Paayum Puli (pouncing tiger/tiger will pounce) is a 2015 Indian Tamil language action thriller film written and directed by Suseenthiran starring Vishal and Kajal Aggarwal, with Soori and Samuthirakani in supporting roles. The film was produced by Vendhar Movies and distributed by Escape Artists Motion Pictures. Music for the film was composed by D. Imman. The cinematography was handled by Velraj and the editing done by Anthony.

Principal photography commenced on 4 March 2015 and lasted for four months. Paayum Puli was shot predominantly in and around Chennai and other parts of Tamil Nadu in 75 working days. The film was released on 4 September 2015 worldwide in its Tamil version as Paayum Puli and in its Telugu version as Jayasurya.

==Plot==
In Madurai, a gang kidnaps top businessmen in the city and demands a sum of ₹2 crore for their release or the victims will be killed. The dead bodies are placed beneath a bridge. Bhavani and Lal are the main culprits behind the kidnaps. SI Albert cracks the case and encounters the kidnappers involved in the kidnap, but gets publicly killed by Bhavani. Albert's parents eventually commit suicide. Jayaseelan is the new ACP who gets deputed in Madurai, and is appointed by the special branch to eliminate Bhavani and his gang in police encounters. He also lives with his father, mother and his brother Selvam. Murugesan is the head constable and a close friend of Jayaseelan.

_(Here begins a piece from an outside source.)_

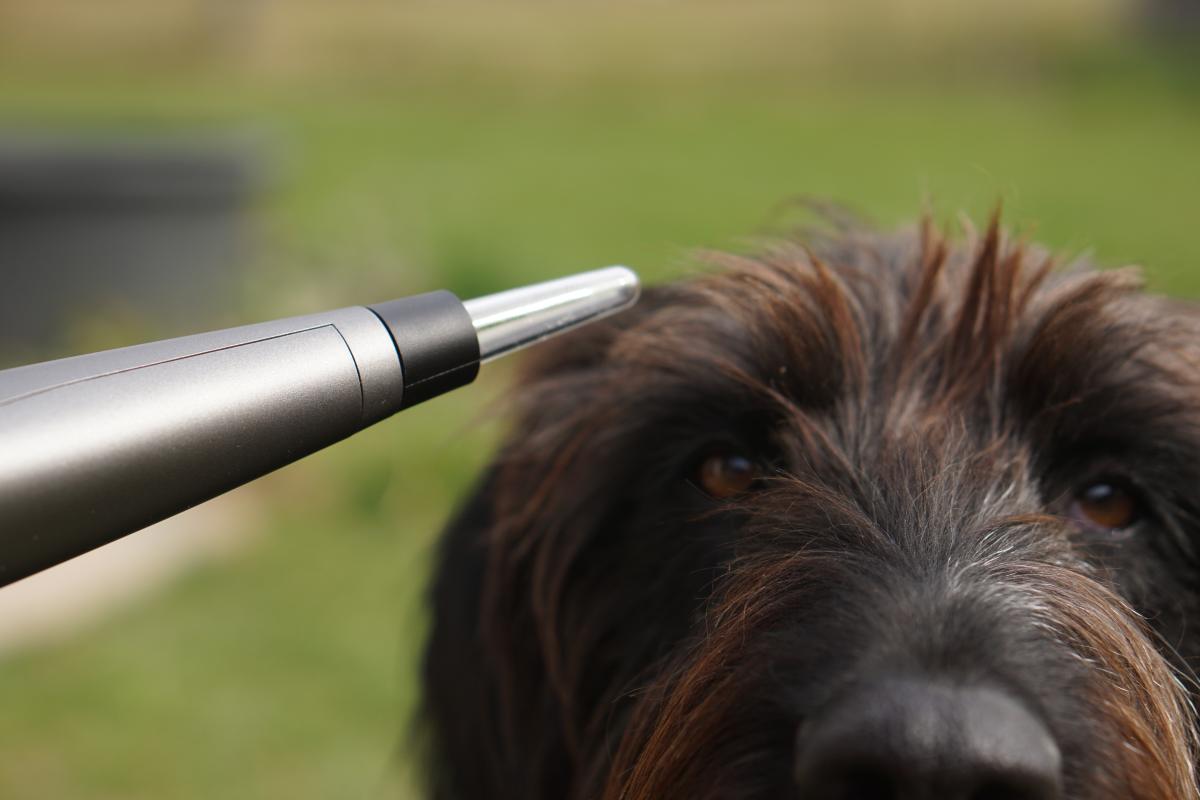 Anwendung des Kaltplasmagerätes am Hund (Beispielbild)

Meanwhile, Jayaseelan meets Sowmya and falls in love with her. Later, Jayaseelan pretends to hold a meeting with Bhavani and his gang to finalize his commission so he will never interfere in their illegal activities, where he encounters two of Bhavani's men. Bhavani is frightened, knowing that someone has set an eye on him that and he will be the next target. Jayaseelan tracks down Bhavani and kills him. Just before dying, Bhavani challenges Jayaseelan that all of the kidnapping incidents will continue after his death, which leaves Jayaseelan puzzled. It is later revealed that Selvam is actually the mastermind behind all the kidnapping incidents, and is the close friend of Lal. Both are involved in planning the kidnappings and murdering the businessmen, while Bhavani is involved only to execute the plan.

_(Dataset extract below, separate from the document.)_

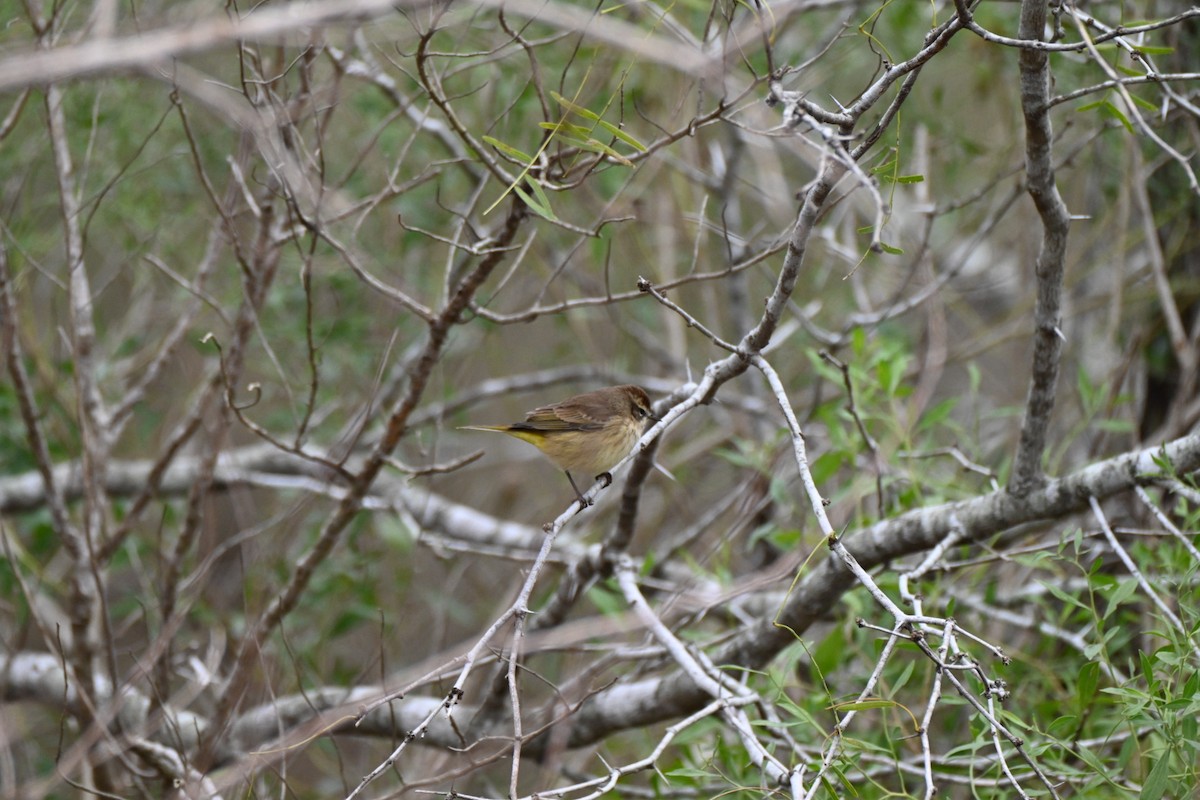 Palm Warbler - ML646411547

Past: Jayaseelan and Selvam's grandfather Ramasamy is a famous freedom fighter, and is widely respected by the local people. He also serves as a minister for 4 terms and is known for his genuineness and loyalty. However, Ramasamy's son Kumarasamy (Jayaseelan and Selvam's father) is not interested in politics and preferred to stay away from all politics following his father's death. Singarasu, a local politician and Kumarasamy's cousin, decides to bank on Ramasamy's political support for his victory. Singarasu convinces Selvam to support his party, for which Selvam agrees. Singarasu won in the election, became an MLA and a minister for 5 years.

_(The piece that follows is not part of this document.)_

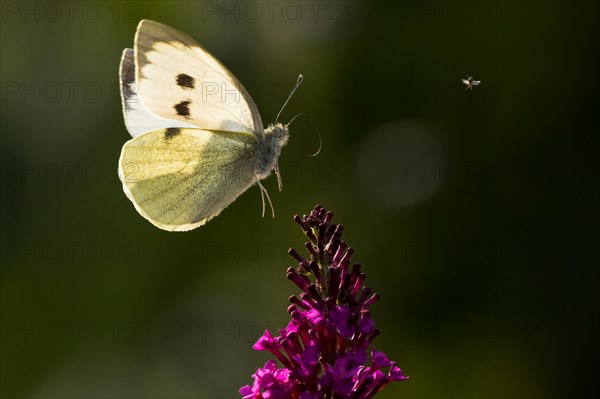 Cabbage butterfly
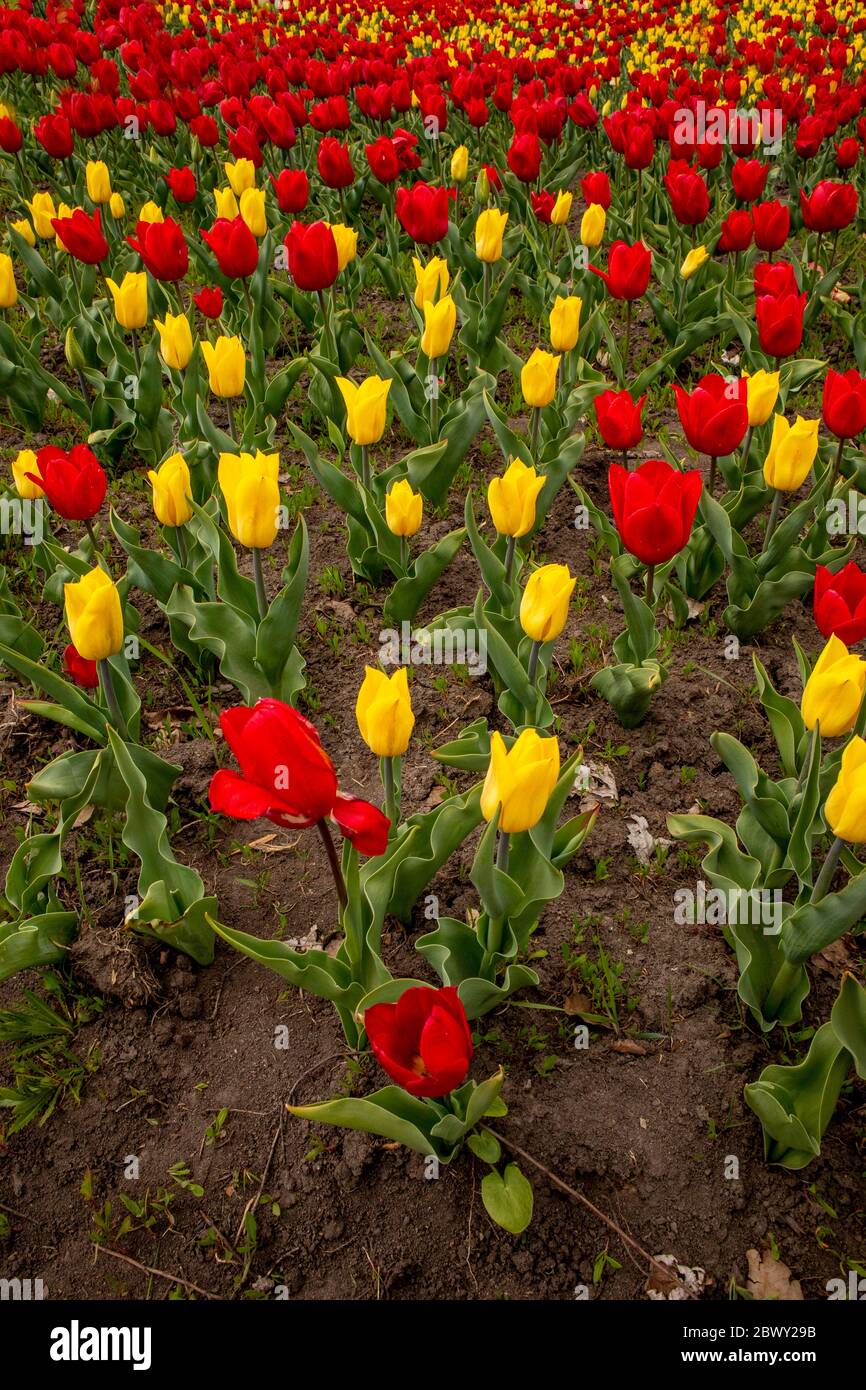 Tulip Field. Beautiful field of red and yellow tulips Stock Photo - Alamy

Selvam is encouraged by a few party men to contest for the same MLA seat during the next election, but Singarasu is the man behind the plan and wants to defeat Selvam to show his power. Selvam trusts a few friends, but later understands Singarasu's plan and loses the election, as Singarasu provided money to vote for him to the public. This enrages Selvam, and decides to earn money and use it for election purposes. He makes his lawyer friend Pankaj Lal to earn Singarasu's confidence and collect all the information about his illegal activities, while they also heavily involve in kidnapping rich businessmen in the city and demanding money.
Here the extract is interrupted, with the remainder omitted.